Please repeat the lines below exactly. Begin with the line containing "All you do is" and go on through the line containing "Hi, welcome to".

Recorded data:
++++++++++++++++++++
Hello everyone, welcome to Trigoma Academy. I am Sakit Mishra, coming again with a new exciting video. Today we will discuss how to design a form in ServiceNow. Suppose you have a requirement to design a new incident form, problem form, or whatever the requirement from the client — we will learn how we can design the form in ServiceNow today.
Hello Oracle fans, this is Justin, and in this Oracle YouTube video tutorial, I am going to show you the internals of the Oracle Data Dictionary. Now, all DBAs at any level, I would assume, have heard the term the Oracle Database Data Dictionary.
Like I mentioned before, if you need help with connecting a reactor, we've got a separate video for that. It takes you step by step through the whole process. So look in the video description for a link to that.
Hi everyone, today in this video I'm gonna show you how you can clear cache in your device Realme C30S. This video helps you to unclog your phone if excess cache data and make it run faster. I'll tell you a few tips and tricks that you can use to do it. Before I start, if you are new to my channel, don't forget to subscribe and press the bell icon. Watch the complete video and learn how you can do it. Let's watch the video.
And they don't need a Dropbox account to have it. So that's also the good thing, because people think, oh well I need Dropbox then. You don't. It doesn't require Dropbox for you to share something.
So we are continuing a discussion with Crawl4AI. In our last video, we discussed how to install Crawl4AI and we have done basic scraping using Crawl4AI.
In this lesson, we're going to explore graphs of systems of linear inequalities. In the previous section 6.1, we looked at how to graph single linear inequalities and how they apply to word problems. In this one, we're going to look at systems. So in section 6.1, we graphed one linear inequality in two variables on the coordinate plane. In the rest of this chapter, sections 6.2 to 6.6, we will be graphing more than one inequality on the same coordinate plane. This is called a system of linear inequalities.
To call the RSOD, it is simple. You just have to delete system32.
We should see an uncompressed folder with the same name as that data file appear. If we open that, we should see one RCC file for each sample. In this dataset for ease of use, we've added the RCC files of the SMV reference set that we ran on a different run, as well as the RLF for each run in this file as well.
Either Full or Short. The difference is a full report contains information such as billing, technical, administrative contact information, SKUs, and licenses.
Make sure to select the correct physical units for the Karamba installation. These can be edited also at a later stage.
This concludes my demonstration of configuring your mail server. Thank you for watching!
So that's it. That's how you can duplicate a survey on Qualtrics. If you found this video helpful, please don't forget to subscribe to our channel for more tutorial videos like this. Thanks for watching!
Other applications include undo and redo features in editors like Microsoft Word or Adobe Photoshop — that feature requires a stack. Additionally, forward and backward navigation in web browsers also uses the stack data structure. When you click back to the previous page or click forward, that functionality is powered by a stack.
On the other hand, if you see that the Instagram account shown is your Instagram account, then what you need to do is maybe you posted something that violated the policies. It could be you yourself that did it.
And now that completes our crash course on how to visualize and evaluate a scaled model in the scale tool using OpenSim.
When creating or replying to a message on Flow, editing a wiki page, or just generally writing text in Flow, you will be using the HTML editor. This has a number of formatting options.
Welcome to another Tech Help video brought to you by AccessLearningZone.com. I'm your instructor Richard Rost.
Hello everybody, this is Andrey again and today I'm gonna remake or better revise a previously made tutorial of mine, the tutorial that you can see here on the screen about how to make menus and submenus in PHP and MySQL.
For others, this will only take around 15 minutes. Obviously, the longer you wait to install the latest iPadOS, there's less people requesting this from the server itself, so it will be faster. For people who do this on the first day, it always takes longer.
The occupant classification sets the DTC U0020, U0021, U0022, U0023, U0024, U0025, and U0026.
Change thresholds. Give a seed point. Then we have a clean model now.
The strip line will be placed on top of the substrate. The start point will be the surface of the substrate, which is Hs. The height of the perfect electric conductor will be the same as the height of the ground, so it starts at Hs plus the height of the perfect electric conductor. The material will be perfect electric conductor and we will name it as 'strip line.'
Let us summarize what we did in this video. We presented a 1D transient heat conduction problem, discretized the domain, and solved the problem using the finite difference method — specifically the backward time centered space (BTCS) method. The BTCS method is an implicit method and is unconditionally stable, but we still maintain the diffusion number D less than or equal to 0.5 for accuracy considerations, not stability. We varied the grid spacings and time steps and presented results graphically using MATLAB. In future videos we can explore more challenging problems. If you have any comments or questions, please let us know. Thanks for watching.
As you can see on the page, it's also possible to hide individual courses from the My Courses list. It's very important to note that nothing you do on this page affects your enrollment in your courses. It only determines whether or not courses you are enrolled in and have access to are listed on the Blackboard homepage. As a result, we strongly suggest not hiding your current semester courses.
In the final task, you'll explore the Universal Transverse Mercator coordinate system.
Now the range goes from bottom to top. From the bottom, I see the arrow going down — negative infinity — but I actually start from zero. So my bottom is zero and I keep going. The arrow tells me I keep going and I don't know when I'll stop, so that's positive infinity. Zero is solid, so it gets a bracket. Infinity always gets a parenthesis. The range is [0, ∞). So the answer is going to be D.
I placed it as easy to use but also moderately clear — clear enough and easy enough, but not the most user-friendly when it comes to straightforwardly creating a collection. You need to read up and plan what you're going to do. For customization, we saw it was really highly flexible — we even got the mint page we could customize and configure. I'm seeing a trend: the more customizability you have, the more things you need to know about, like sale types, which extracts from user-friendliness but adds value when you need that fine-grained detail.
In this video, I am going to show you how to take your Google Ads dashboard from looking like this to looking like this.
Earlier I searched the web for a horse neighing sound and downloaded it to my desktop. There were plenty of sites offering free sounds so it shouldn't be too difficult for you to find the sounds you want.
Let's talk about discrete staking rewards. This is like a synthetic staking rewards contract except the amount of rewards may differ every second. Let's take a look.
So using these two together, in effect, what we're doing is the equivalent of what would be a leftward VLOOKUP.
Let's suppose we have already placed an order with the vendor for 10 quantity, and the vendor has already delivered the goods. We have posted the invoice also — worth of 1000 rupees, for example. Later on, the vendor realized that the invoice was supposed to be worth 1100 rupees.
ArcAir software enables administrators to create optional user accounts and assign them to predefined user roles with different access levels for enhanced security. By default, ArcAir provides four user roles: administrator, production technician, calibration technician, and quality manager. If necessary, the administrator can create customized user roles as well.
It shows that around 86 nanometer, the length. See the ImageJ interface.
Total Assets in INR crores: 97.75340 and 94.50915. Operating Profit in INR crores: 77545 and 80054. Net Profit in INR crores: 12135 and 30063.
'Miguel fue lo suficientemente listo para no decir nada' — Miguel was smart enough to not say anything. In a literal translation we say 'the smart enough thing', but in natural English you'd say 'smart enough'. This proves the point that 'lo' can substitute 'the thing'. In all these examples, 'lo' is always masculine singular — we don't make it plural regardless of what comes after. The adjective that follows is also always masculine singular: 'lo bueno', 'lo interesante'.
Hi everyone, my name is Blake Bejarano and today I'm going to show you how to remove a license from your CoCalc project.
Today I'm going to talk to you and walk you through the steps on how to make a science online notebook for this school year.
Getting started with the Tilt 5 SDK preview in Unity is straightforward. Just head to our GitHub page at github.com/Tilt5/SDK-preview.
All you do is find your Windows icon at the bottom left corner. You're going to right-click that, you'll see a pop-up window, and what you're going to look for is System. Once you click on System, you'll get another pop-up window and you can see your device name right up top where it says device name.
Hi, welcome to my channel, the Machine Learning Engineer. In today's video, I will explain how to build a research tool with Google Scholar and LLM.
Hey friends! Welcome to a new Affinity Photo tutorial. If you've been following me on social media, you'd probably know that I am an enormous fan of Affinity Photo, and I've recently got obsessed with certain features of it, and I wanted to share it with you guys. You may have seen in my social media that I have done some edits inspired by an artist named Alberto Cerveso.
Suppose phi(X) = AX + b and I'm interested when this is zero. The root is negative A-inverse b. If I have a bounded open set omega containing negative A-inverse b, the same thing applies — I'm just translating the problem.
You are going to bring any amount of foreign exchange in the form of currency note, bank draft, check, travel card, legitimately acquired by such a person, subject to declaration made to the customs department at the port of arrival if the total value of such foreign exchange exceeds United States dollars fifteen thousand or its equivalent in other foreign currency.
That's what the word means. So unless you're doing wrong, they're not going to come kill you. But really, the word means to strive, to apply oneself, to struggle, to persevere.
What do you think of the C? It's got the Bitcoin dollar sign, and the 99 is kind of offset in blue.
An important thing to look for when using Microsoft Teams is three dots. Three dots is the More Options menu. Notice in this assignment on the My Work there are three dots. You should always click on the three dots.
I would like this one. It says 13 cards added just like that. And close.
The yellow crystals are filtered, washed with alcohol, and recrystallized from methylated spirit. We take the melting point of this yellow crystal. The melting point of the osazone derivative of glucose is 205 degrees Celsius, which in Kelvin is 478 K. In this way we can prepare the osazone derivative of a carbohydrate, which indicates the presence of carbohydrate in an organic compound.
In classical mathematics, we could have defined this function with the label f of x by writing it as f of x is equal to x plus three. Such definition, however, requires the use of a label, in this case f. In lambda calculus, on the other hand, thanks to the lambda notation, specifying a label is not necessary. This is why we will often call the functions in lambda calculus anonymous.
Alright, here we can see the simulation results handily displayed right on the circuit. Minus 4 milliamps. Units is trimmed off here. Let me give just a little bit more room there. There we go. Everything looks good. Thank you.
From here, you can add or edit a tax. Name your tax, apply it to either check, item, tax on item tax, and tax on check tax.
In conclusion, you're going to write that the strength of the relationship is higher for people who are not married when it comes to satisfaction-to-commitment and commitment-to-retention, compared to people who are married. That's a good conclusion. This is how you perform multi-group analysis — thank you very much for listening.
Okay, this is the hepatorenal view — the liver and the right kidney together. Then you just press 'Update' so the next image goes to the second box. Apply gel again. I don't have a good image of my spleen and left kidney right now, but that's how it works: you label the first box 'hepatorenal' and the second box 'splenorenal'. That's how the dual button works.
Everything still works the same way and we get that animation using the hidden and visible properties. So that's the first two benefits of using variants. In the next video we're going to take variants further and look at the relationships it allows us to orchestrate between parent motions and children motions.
++++++++++++++++++++
■ **SOLUTION FOR THIS PROBLEM**
All you do is find your Windows icon at the bottom left corner. You're going to right-click that, you'll see a pop-up window, and what you're going to look for is System. Once you click on System, you'll get another pop-up window and you can see your device name right up top where it says device name.
Hi, welcome to my channel, the Machine Learning Engineer. In today's video, I will explain how to build a research tool with Google Scholar and LLM.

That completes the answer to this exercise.